The rest of my cinematic compatriots are at 1 or 2 movies together for the year. At 2, we have Children’s book Author Mike Ross. (He’s low this year because he “moved to Boston” to “live with his boyfriend” who is “getting his Master’s at MIT”. Whatever.) We also have RJ, Cameron, and Vanessa, Calum & Lindsay’s siblings; Caleb, Malik, and Mariano, who I virtually watched along with on Jake’s livestream; and Jen, who saw both No Hard Feelings and Barbie with me.
Then, rounding out the bottom but far from far from my heart, are those lovely people who I got to just see one movie with this year. Russell, Vanessa, Jessie, and Roger (Calum’s parents, stepsister, and step-uncle) joined the rest of the clan in watching Jaws on the Fourth of July. Tate (who Calum and I met on an EDM Cruise) and his boyfriend Nick joined us for Poor Things, because what else do you watch with 4 gayboys in December? New Parents Mark & Sienna watched The Menu with me when I stayed with them so I could have the pleasure of meeting their perfect baby, whom I will spend approximately $3 million on over the rest of my life. Lastly, Margaret, Nathan, and Han all joined me for Arrival and charcuterie and my sister’s friend Mia saw the movie where Glen Powell and Sydney Sweeney saved rom-coms.
And that’s it!
26 people, 24 locations, 64 genres, 199 directors, and 290 movies later, we have a year.

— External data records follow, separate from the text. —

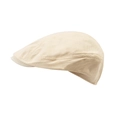 Stylish beige cotton-linen flat cap with vintage retro design for men and women - Thin Beige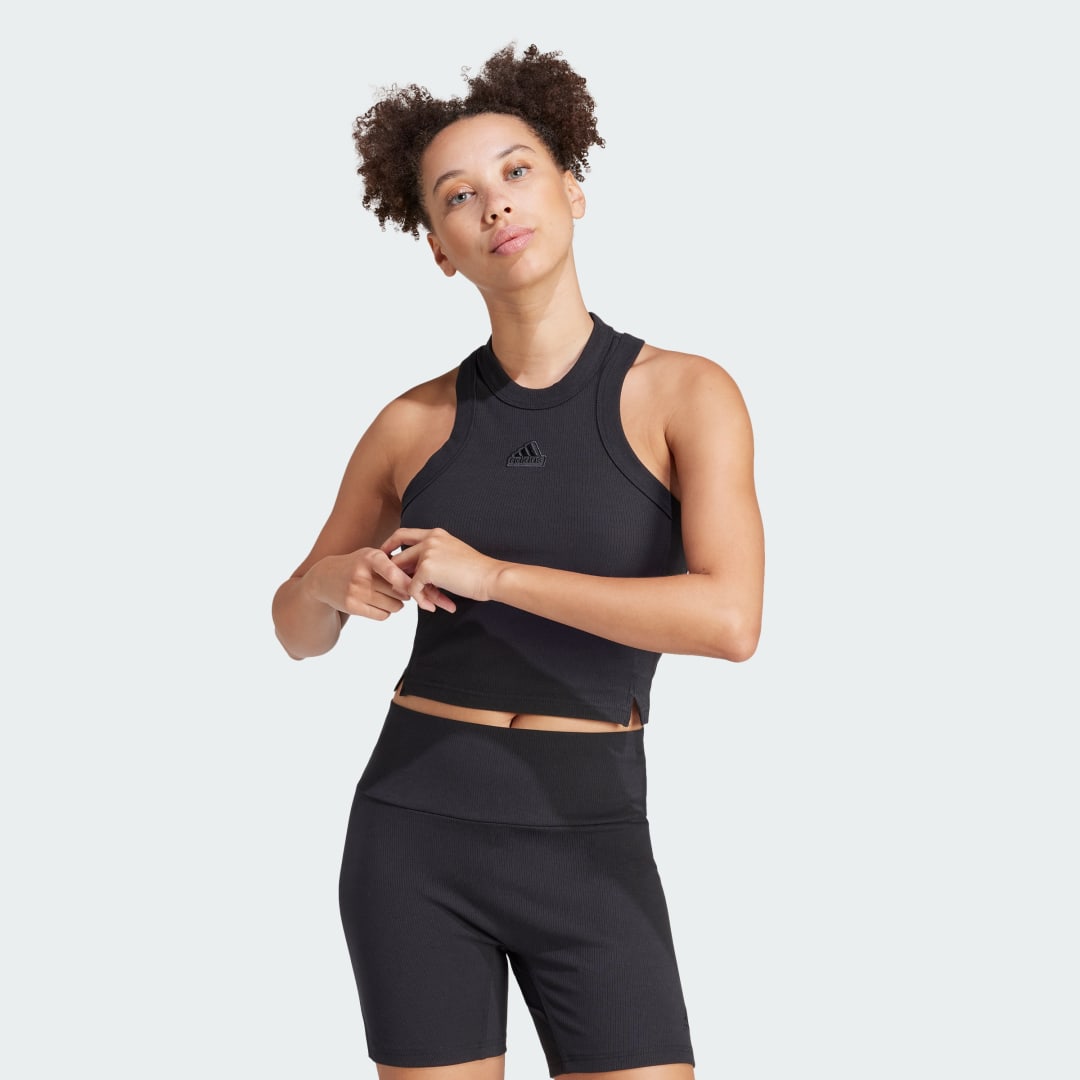 Adidas Lounge Ribbed Crop Tanktop Zwart- Dames Zwart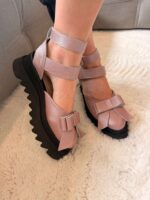 Pantofi piele naturală Aurelle roz somon sidefat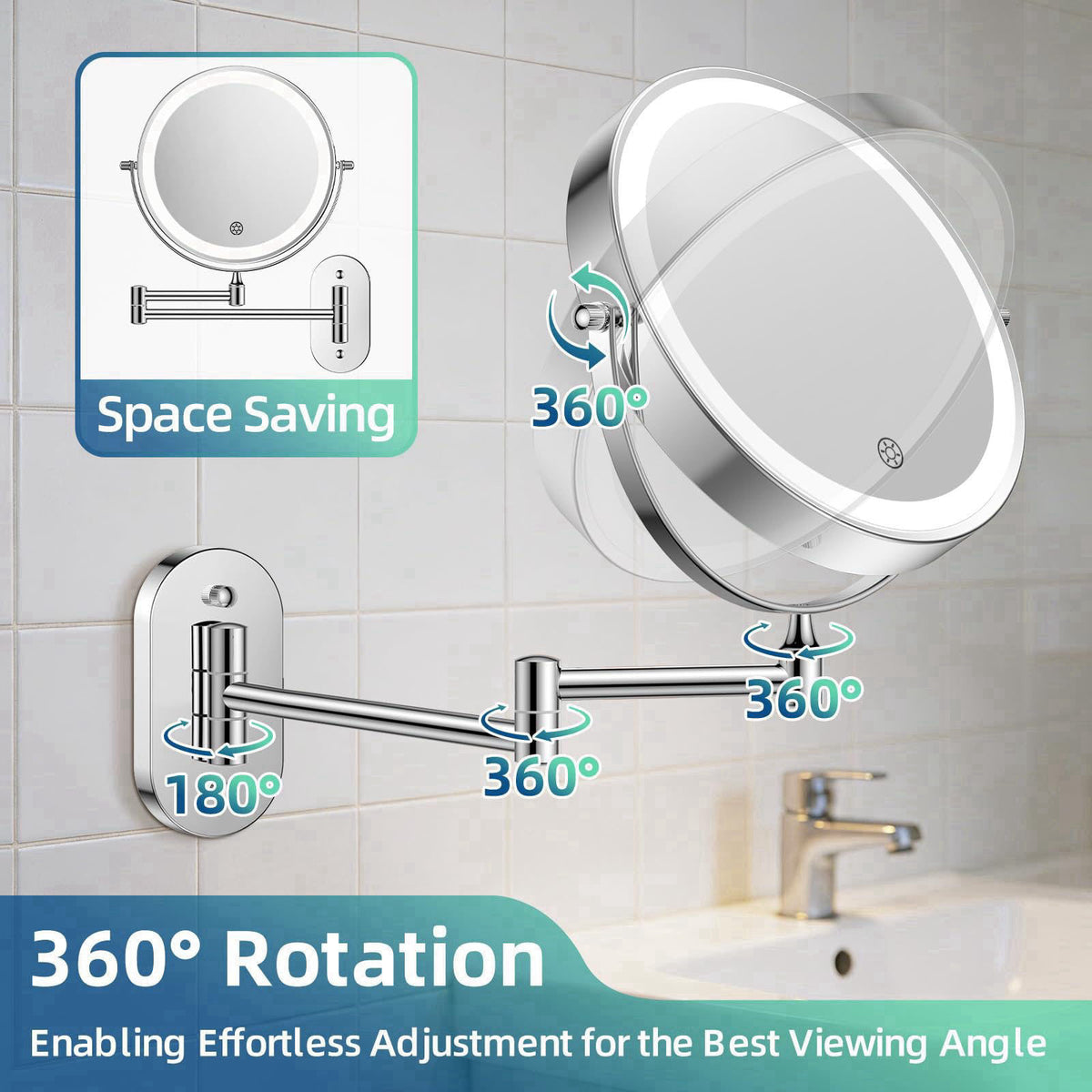 FUNTOUCH 5000mAh Rechargeable Wall Mounted Lighted Makeup Mirror 1X30X – alternate angle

The point of this isn’t to make a judgment call on 2023 as a year (although Henry Kissinger did die), it’s just what my brain demands I do after tracking all this data for 365 days. I always have a lot of fun writing them, and now that you’ve gotten to the end, I hope you had a good time reading it. If any of you know John Newyorktimes (or whoever is the editor of that rag), send this their way, and I can finally fulfill my lifelong dream of being a househusband.
In 2024, I hope to see more movies. Not necessarily more movies than I saw this year, I just mean I want to keep watching movies. Yes, obviously that is just going to happen without a doubt, but sometimes it’s good to make goals for yourself you already know you’re going to complete.
But I also want to see them in more places. I want to see more new & different types of movies. And I want to see more of them with more people. Because that’s what is always the most magical thing about it.
I’m not sure how 2024 will be when it comes to movies. Obviously we have strike-adjusted gems like Dune: Part 2 and Challengers to look forward to, but also fun nothings like Mean Girls, triumphant directorial returns like Mickey 17, a whopping 1 MCU movie (Deadpool 3), and then Joker: Folie à Deux will come and systematically burn down Hollywood from the inside.
Whatever kind of moviewatching year we have next year, I can’t wait to share it with you all.
As always, I’ll see you at the movies.